Плеврит оказался тяжелым: в течение двух недель можно было ожидать самого худшего. Папский зуав провел двое суток в доме священника, и они вместе пришли к единодушному решению: не пугать графиню. Ей просто сказали, что у Жана сильный бронхит, и она не выказала ни малейшего беспокойства. В ту пору еще не были разработаны методы лечения плеврита в горной местности или, во всяком случае, практиковалось это лишь в редких случаях. Врач, приглашенный из Бордо для консультации, оказался сторонником хвойного воздуха при лечении подобных заболеваний и уговорил полковника согласиться на предложение господина Калю: кюре брался за два года потихоньку, не слишком налегая на учебу, подготовить мальчика к экзаменам на бакалавра. Но папский зуав дал свое согласие еще и потому, что не мог без содрогания даже подумать о том, чтобы послать своего племянника в коллеж, опозоренный «скандальной женитьбой Пюибаро».

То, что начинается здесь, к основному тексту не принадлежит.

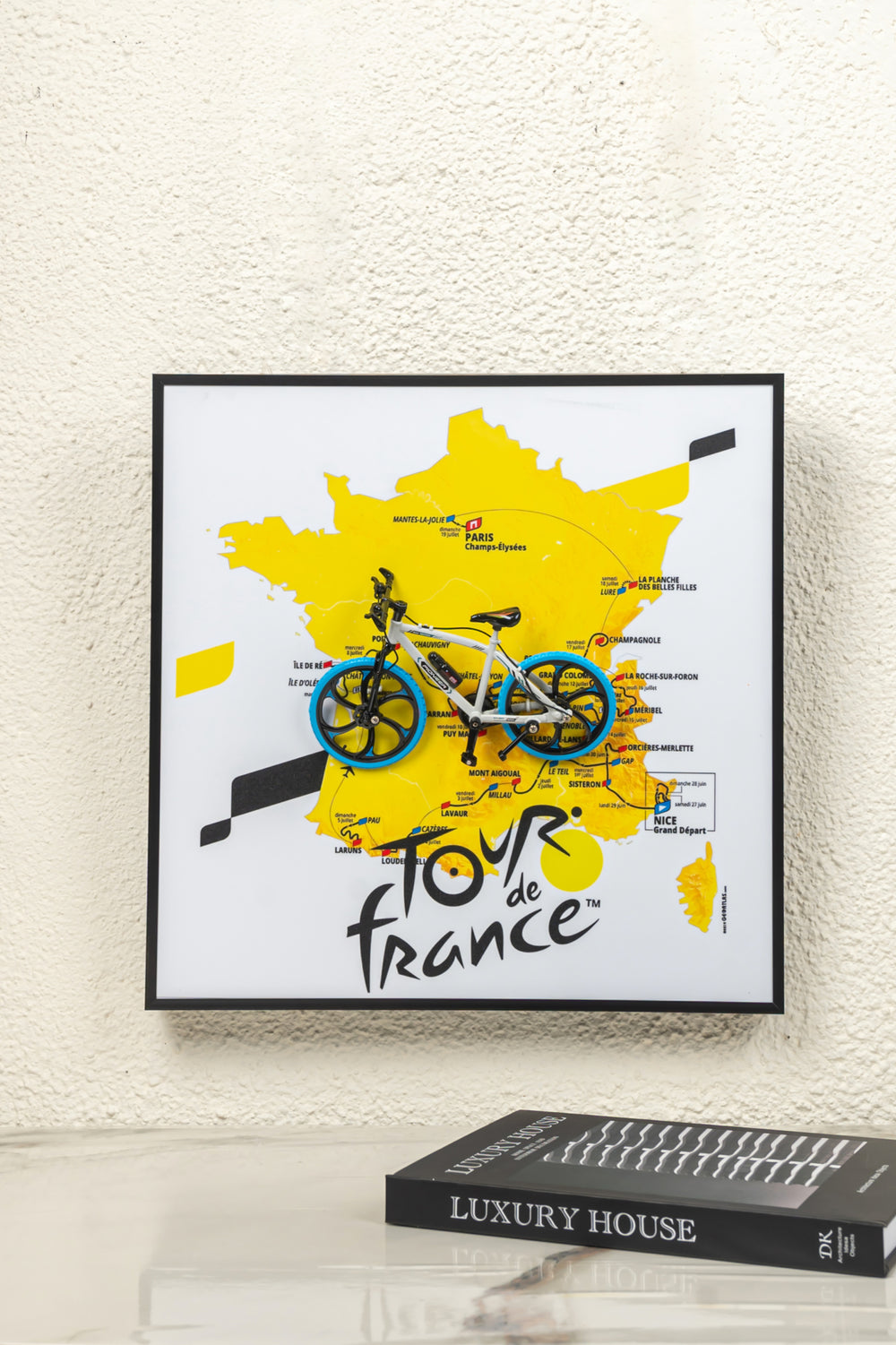 Tour De France 3D Bicycle Wall Art Frame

В тот вечер, когда было принято решение оставить Жана на два года в Балюзаке, аббат страстно возжелал, чтобы Бог явился ему во плоти, дабы можно было в знак благодарности лобызать ему руки, припасть к его ногам. Жан хранил враждебное молчание и открывал рот лишь затем, чтобы тоном приказания потребовать то, что ему нужно. Господин Калю не знал, что именно произошло в Балозе, но он видел рану, и этого ему было достаточно, а как был нанесен удар и каким оружием, он рано или поздно узнает, а может быть, и никогда не узнает. Но не в том дело, главное — не дать распространиться заразе. Как-то в сумерках он подсел к изголовью кровати, на которой дремал Жан, и спросил, не пугает ли его перспектива провести зиму в Балюзаке. Мальчик ответил: лучше все, что угодно, только не ихний Рош, однако очень жаль, что он не может выполнить свое намерение «расквасить ему морду».